Rolf Wenkel (ncy)June 1, 2007

Just before the G8 summit, the US presented a strategy to fight climate change. President Bush said the greatest producers of harmful emissions would agree on common goals by late 2008. DW's Rolf Wenkel was unimpressed.

https://p.dw.com/p/An3J

To put it bluntly: The washed-up inhabitant of the White House hasn't learned a thing. This time, too, his ideas are far behind those of the German G8 presidency -- and of the international community to set a decisive course against the threatening climate catastrophe.

In Heiligendamm, German Chancellor Angela Merkel wants to move the eight leading industrial countries toward binding maximum limits for greenhouse gas emissions in order to limit the rise in global warming to 2 degrees Celsius (3.6 degrees Fahrenheit) at most. To reach that goal, worldwide carbon dioxide emissions would have to fall by 50 percent by 2050 compared to the level in 1990.

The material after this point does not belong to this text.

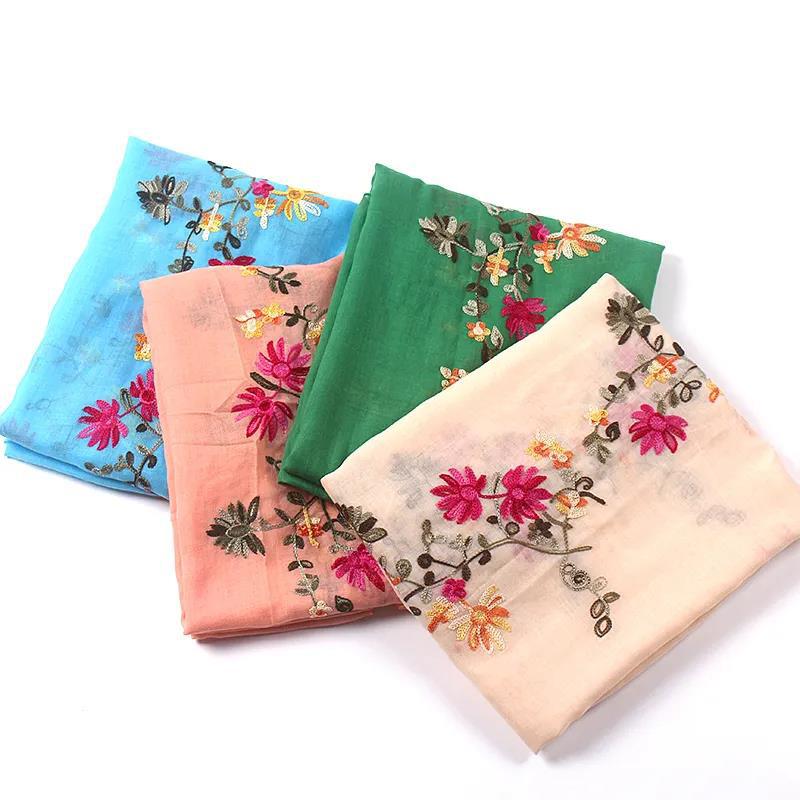 Women's Embroidered Scarf Korean Style Acrylic Embroidered Scarf Chiffon Long All-match Gauze Scarf Four Seasons Silk Scarf Shawl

However, the biggest CO2 emitter on earth continues to avoid responsibility: Thus Bush proposes that the United States should only start to draft long-term aims to reduce CO2 emissions in the autumn. Each government would then decide for itself how to achieve these aims. Allegedly, China and India, which are merely onlookers at the G8 summit, have already signaled their agreement.

That may be the case. Still, Bush, who has been a failure on every level of policy, is offering nothing more than a new spin on an old strategy. He staves off the international community until fall, with a single press conference debases all the resolutions on the issue prepared for Heiligendamm, and, as he has for years, trusts US industry, with its technological edge, to set things straight -- the main thing being that economic growth is healthy.

Bush appears to be blind. He's blind to the 13 US states that combined their efforts in a climate protection initiative. He's blind to the innumerable US cities that have long been ignoring the brakesman in the White House. He's blind to companies like General Electric or General Motors that want to cut their greenhouse gas emissions by 60 to 80 percent. Who still takes this man seriously?

In an initial appraisal, Merkel described the president's initiative as an "important statement" ahead of the meeting in Heiligendamm. What else could she do? The rug is being pulled out from under her feet, 12 months of hard bilateral and multilateral negotiations on climate protection may have been wasted, but still, Merkel has to remain diplomatic. She faces a pile of broken glass. But she didn't cause the damage. Rather, it was a provincial politician from Texas, who has long imagined he knows something about world politics.